The PCIe link between two devices can consist of 1–32 lanes. The packet data is striped across lanes, and the lane count is automatically negotiated during device initialization. The PCIe standard defines slots and connectors for multiple widths: ×1, ×4, ×8, ×16, ×32. This allows PCIe to serve lower throughput, cost-sensitive applications as well as performance-critical applications. PCIe uses a packet-based layered protocol, consisting of a transaction layer, a data link layer, and a physical layer, as shown in Fig. 1.9. The transaction layer handles packetizing and de-packetizing of data and statusmessage traffic. The data link layer sequences these Transaction Layer Packets (TLPs) and ensures that they are reliably delivered between two endpoints. If a transmitter device sends a TLP to a remote receiver device and a CRC error is detected, the transmitter device gets a notification back. The transmitter device automatically replays the TLP. With error checking and automatic replay of failed packets, PCIe ensures very low Bit Error Rate (BER). The Physical Layer is split in two parts: the Logical Physical Layer and the Electrical Physical Layer. The Logical Physical Layer contains logic gates for processing packets before transmission on the Link, and processing packets from the Link to the Data Link Layer. The Electrical Physical Layer is the analog interface of the Physical Layer: it consists of differential drivers and receivers for each lane. TLP assembly is shown in Fig. 1.10. Header and Data Payload are TLP’s core information: Transaction Layer assembles this section based on the data received from the application software layer. An optional End-to-End CRC (ECRC) field can be appended to the packet. ECRC is used by the ultimate targeted device of this packet to check for CRC errors inside Header and Data Payload.

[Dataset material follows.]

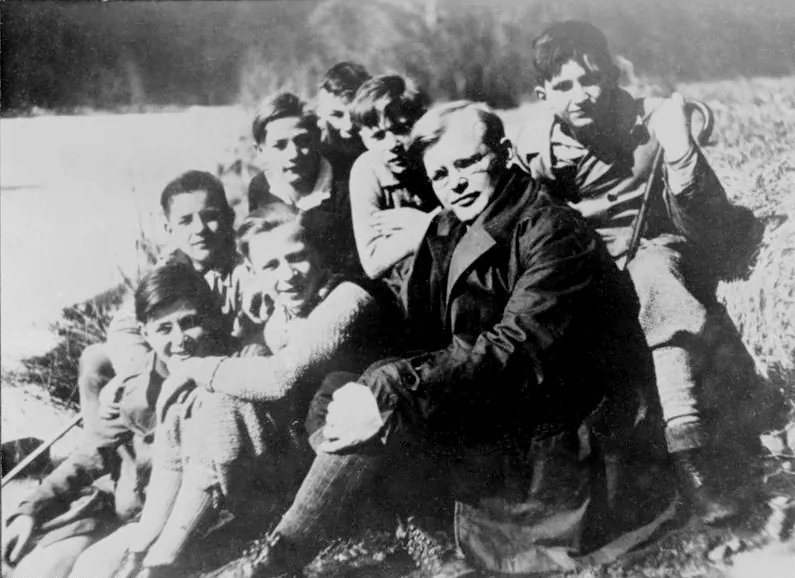 Dietrich Bonhoeffer with confirmands on March 21, 1932 in Friedrichsbrunn. (Deutsches Bundesarchiv)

At this point, the Data Link Layer appends a sequence ID and local CRC (LCRC) field in order to protect the ID. The resultant TLP is forwarded to the Physical Layer which concatenates a Start and End framing characters of 1 byte each to the packet. Finally, the packet is encoded and differentially transmitted on the Link by using the available Lanes. Today, PCIe is a high volume commodity interconnect used in virtually all computers, from consumer laptops to enterprise servers, as the primary motherboard technology that interconnects the host CPU with on-board ICs and add-on peripheral expansion cards.